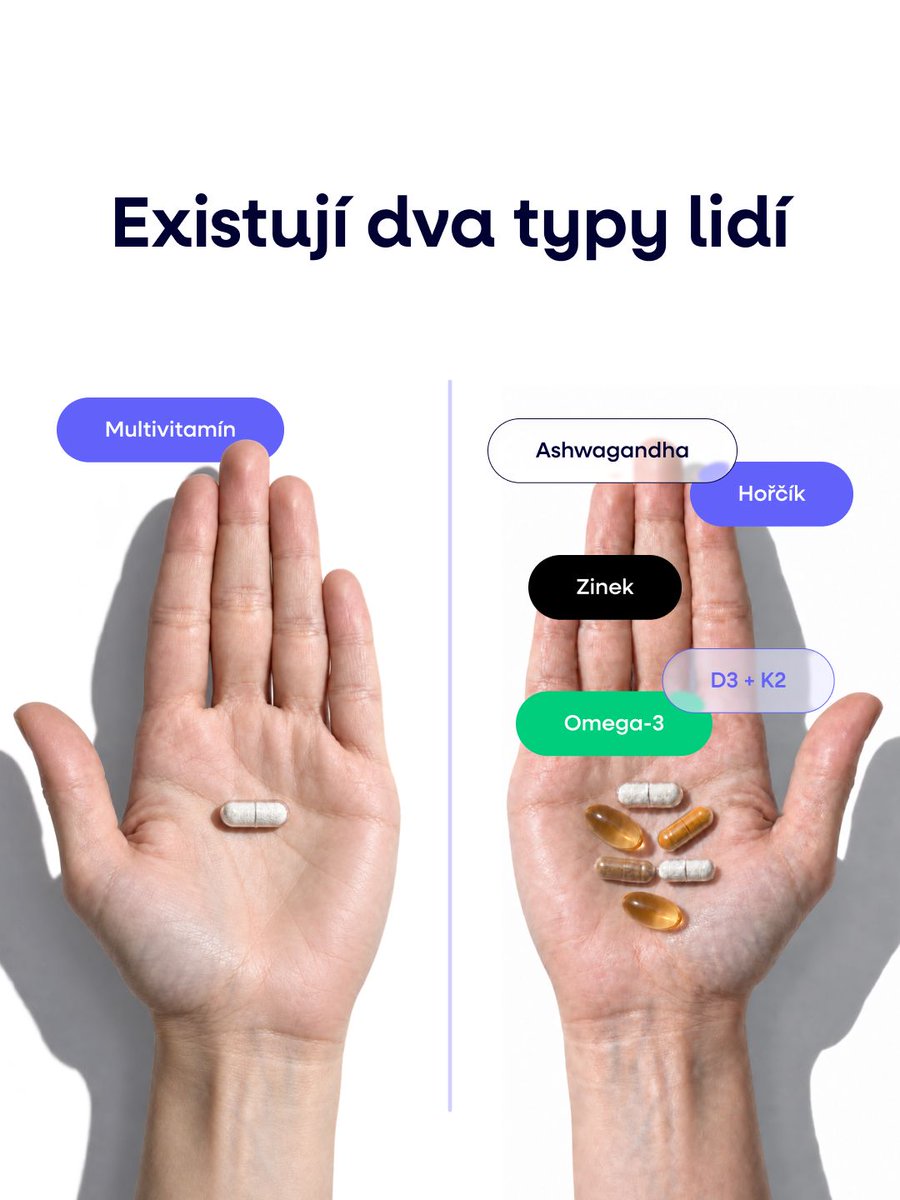 BrainmarketCZ's tweet photo. Přiznej se, zvládáš svoji suplementovací rutinu a nebo zvládáš horkotěžko jednu "univerzální" tabletku? 🙈

(Nesoudíme, chápeme.) https://t.co/UqrYDxkgg3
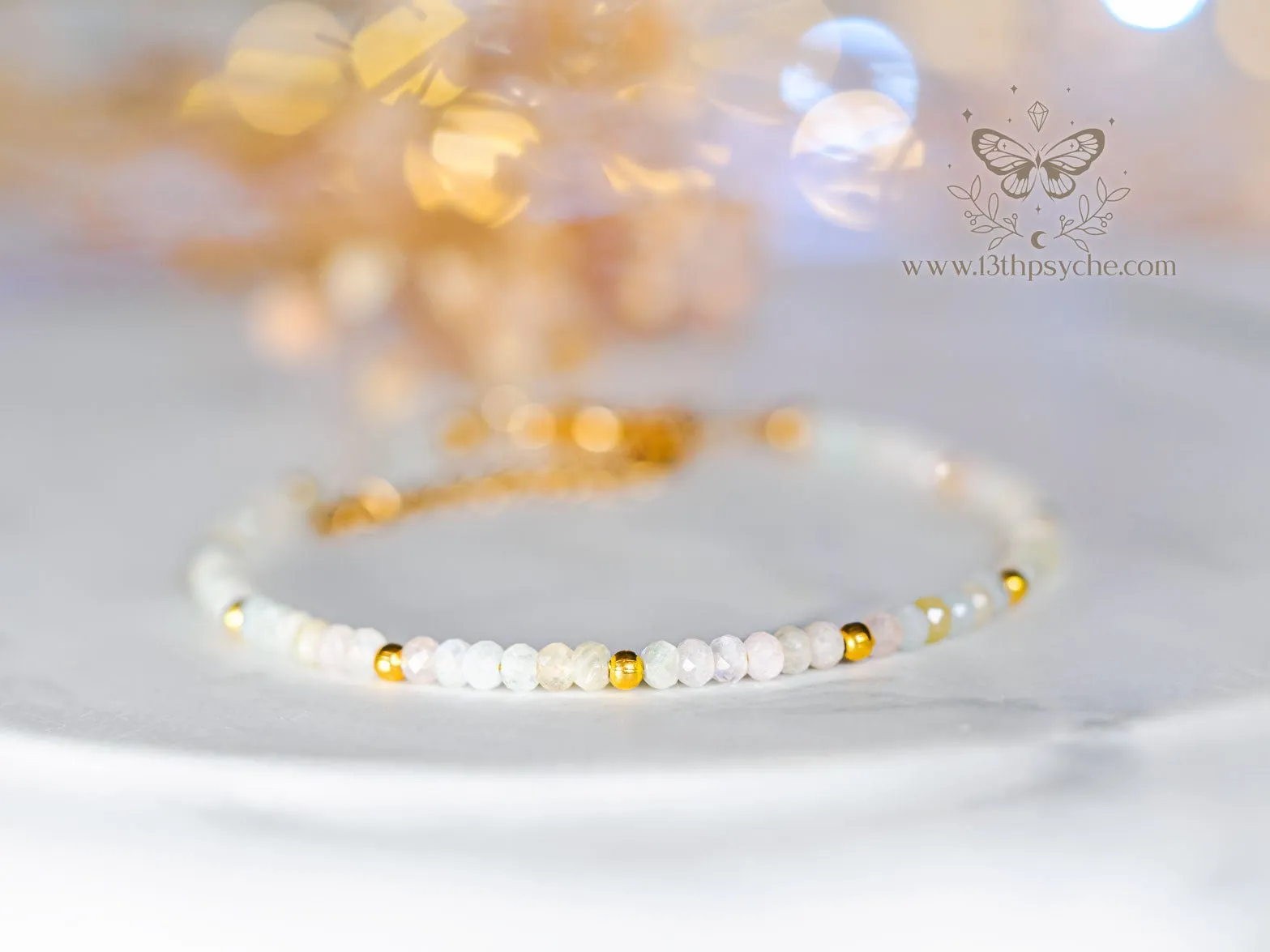 Dainty faceted Morganite gemstone bracelet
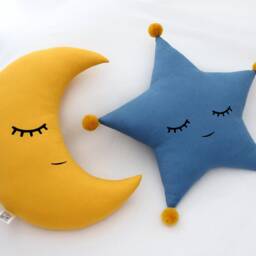 Yellow Mustard Crescent Moon Cushion For Nursery Decor, Baby Shower Gift Idea Dreamy Pillow Kids Boy Room Girl Bed Children Teepee Sky - thumbnail 2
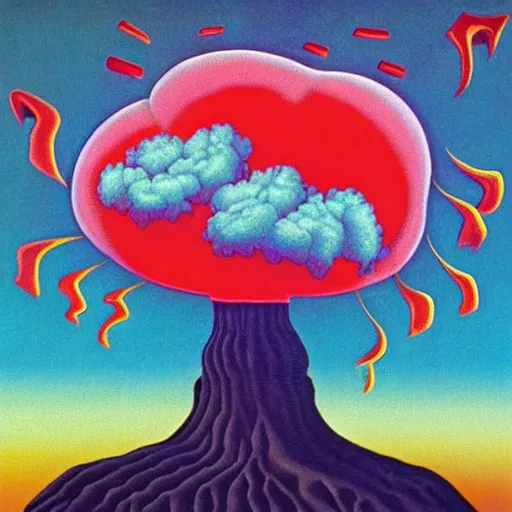 Image similar to 8 0 s new age album cover depicting a mushroom cloud in the shape of guy fieri, very peaceful mood, oil on canvas by mc escher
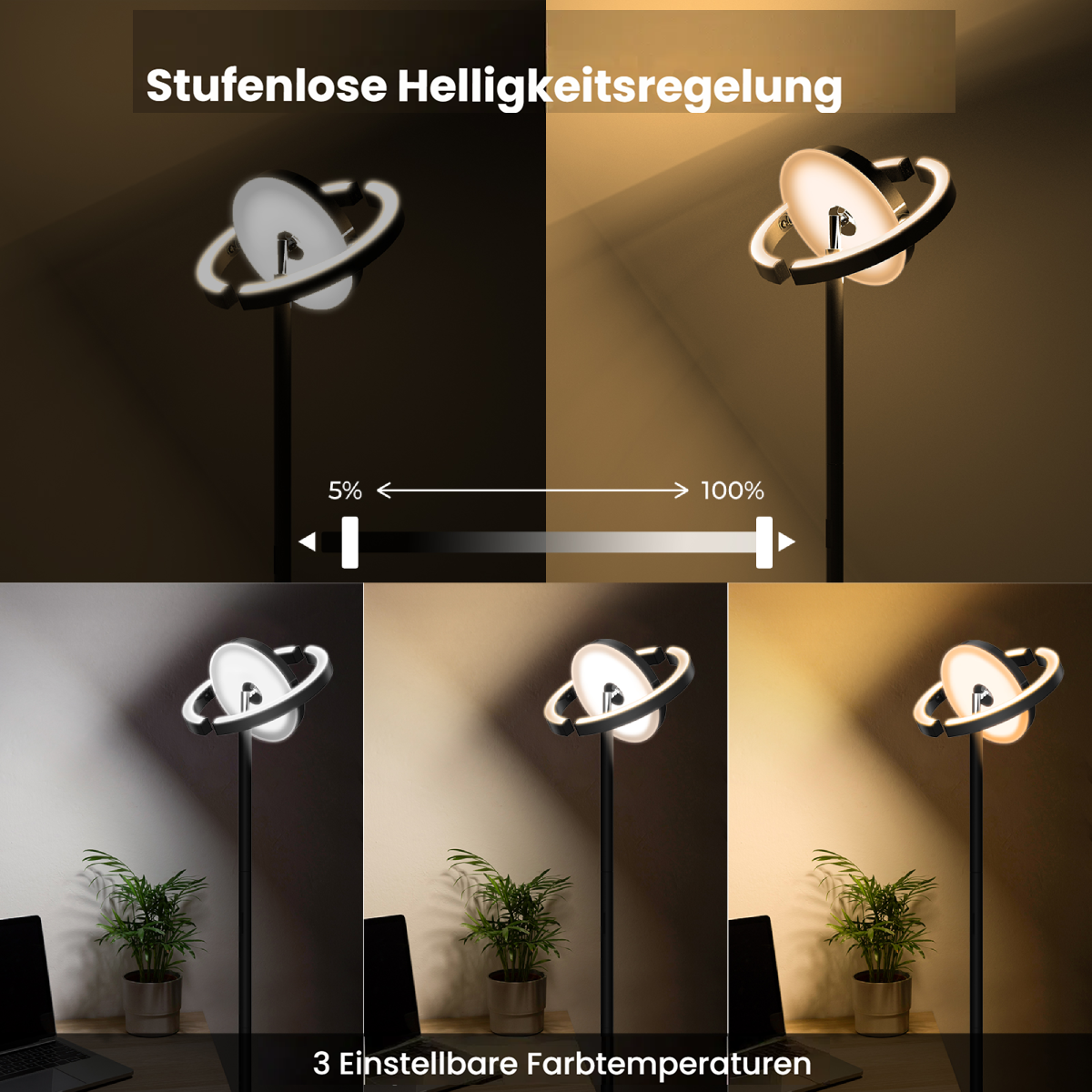 Ein moderner Stehlampe mit verstellbarer Helligkeit und Farbtemperatur.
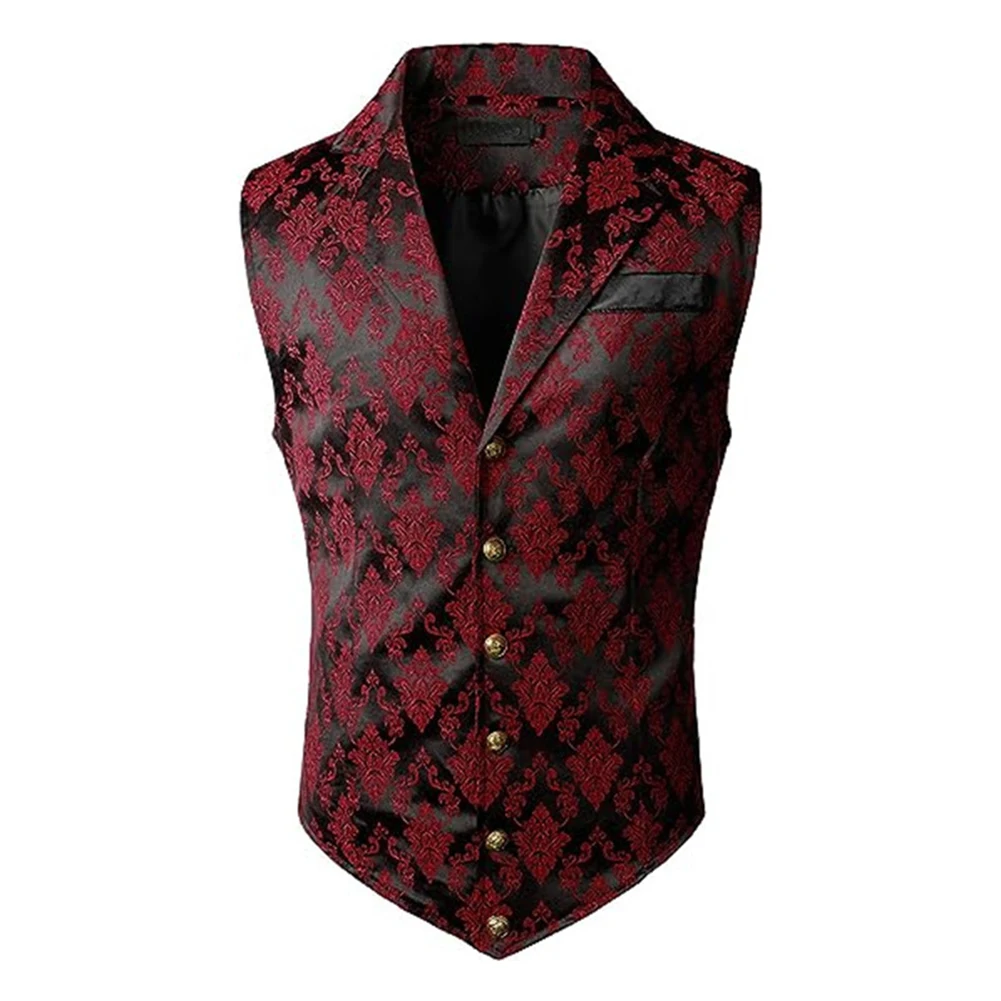 Slim Fit Mens Retro Suit Waistcoat Gothic Steampunk Victorian Vest for Formal Occasions Single Breasted Button Design
Slim Fit Mens Retro Suit Waistcoat Gothic Steampunk Victorian Vest for Formal Occasions Single Breasted Button Design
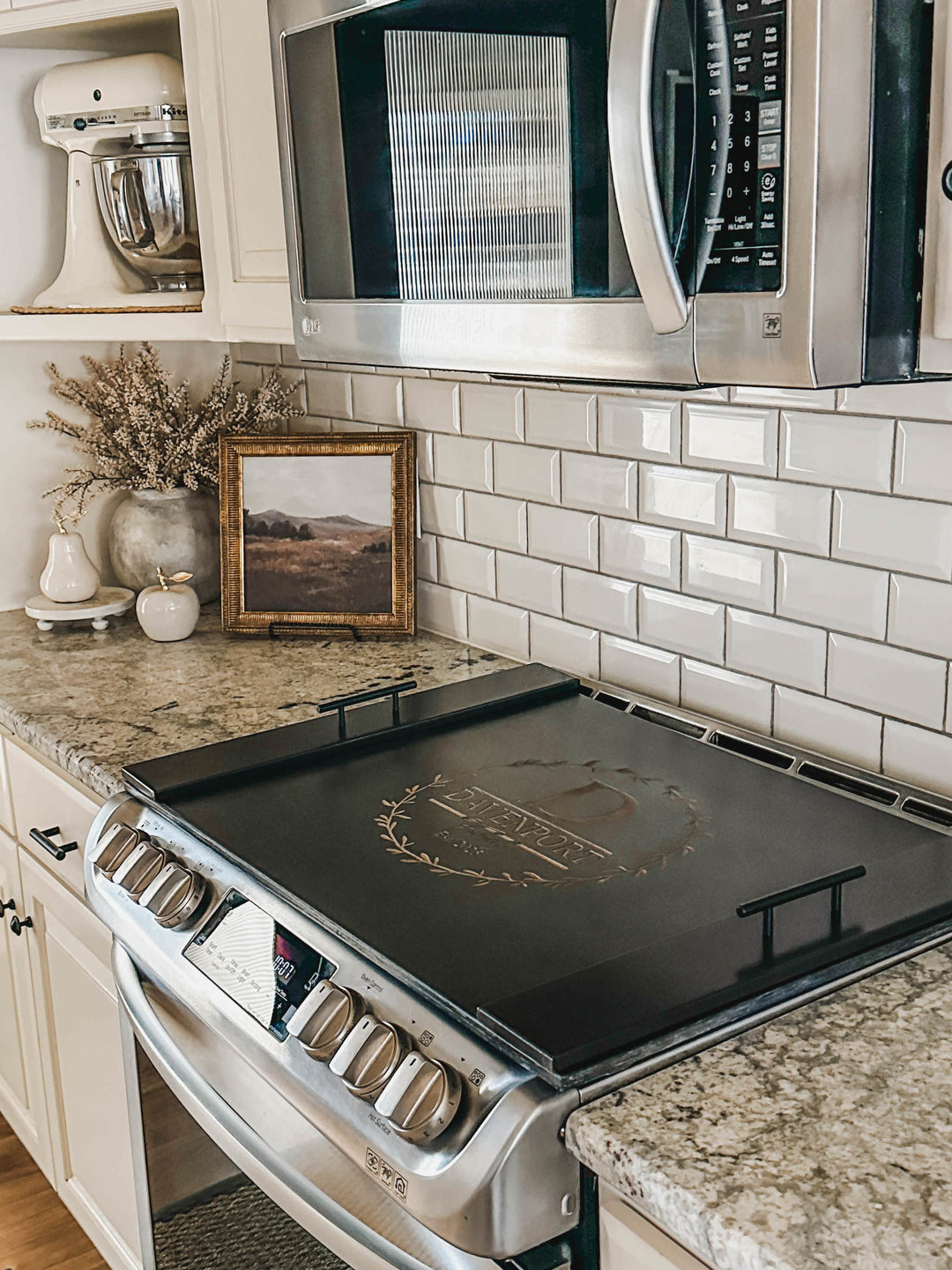 Personalized monogram stove cover, black + natural "Davenport"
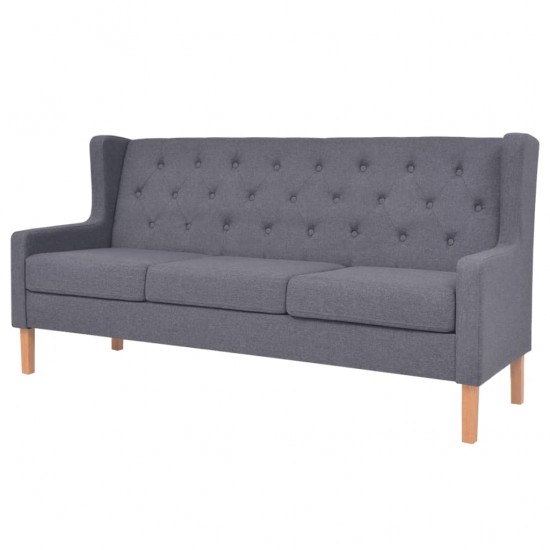 Trivietė sofa, audinys, pilka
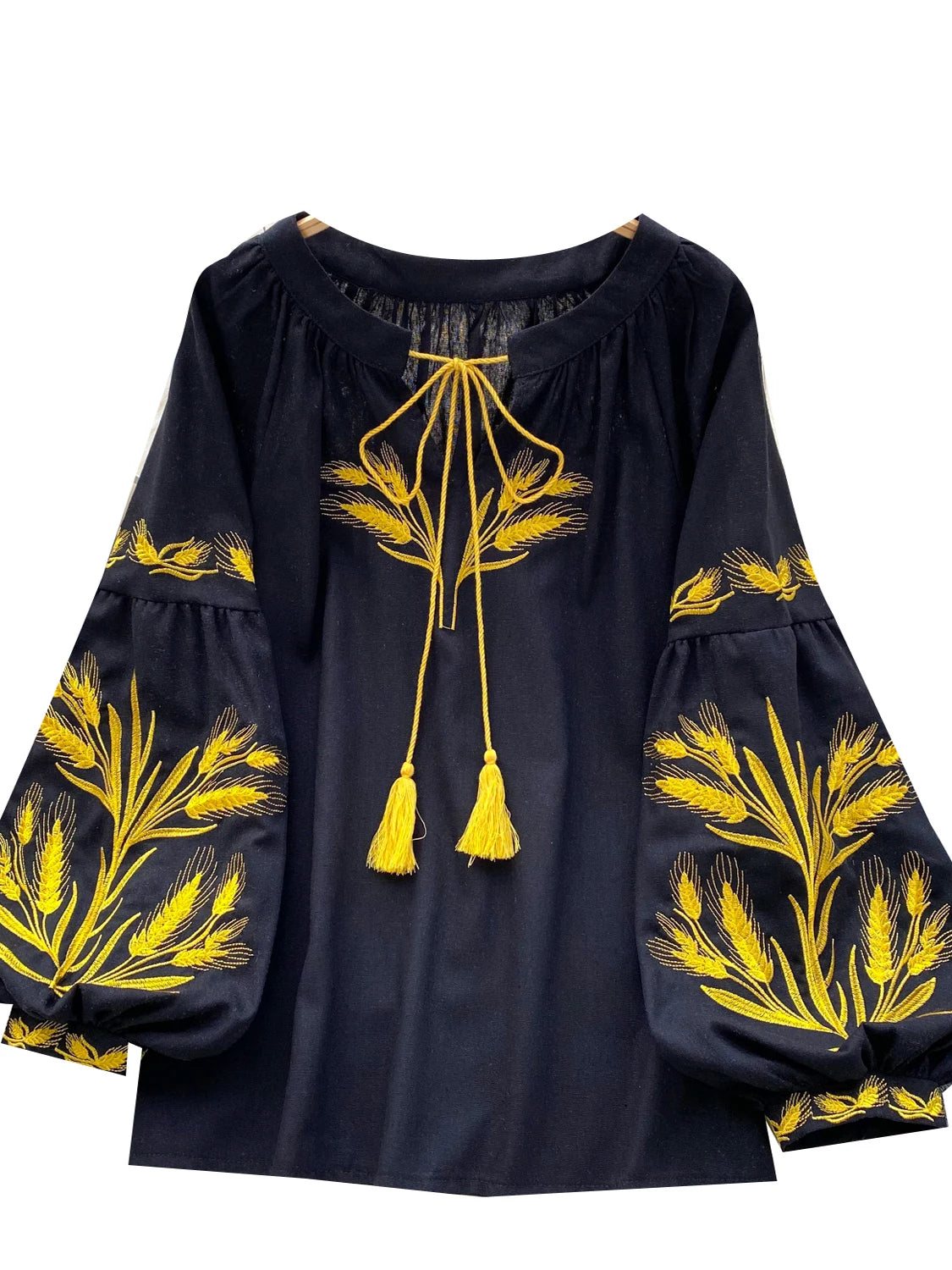 Retro Ethnic Heavy Embroidery Loose Casual round Ne Lantern Sve irt Women's Faionable Base Layer Top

• • • • •

Exercise brief: The answer is the full set of records printed exactly, less the pictures.

Solved exercise:
 BrainmarketCZ's tweet photo. Přiznej se, zvládáš svoji suplementovací rutinu a nebo zvládáš horkotěžko jednu "univerzální" tabletku? 🙈

(Nesoudíme, chápeme.) https://t.co/UqrYDxkgg3
 Dainty faceted Morganite gemstone bracelet
 Yellow Mustard Crescent Moon Cushion For Nursery Decor, Baby Shower Gift Idea Dreamy Pillow Kids Boy Room Girl Bed Children Teepee Sky - thumbnail 2
 Image similar to 8 0 s new age album cover depicting a mushroom cloud in the shape of guy fieri, very peaceful mood, oil on canvas by mc escher
 Ein moderner Stehlampe mit verstellbarer Helligkeit und Farbtemperatur.
 Slim Fit Mens Retro Suit Waistcoat Gothic Steampunk Victorian Vest for Formal Occasions Single Breasted Button Design
Slim Fit Mens Retro Suit Waistcoat Gothic Steampunk Victorian Vest for Formal Occasions Single Breasted Button Design
 Personalized monogram stove cover, black + natural "Davenport"
 Trivietė sofa, audinys, pilka
 Retro Ethnic Heavy Embroidery Loose Casual round Ne Lantern Sve irt Women's Faionable Base Layer Top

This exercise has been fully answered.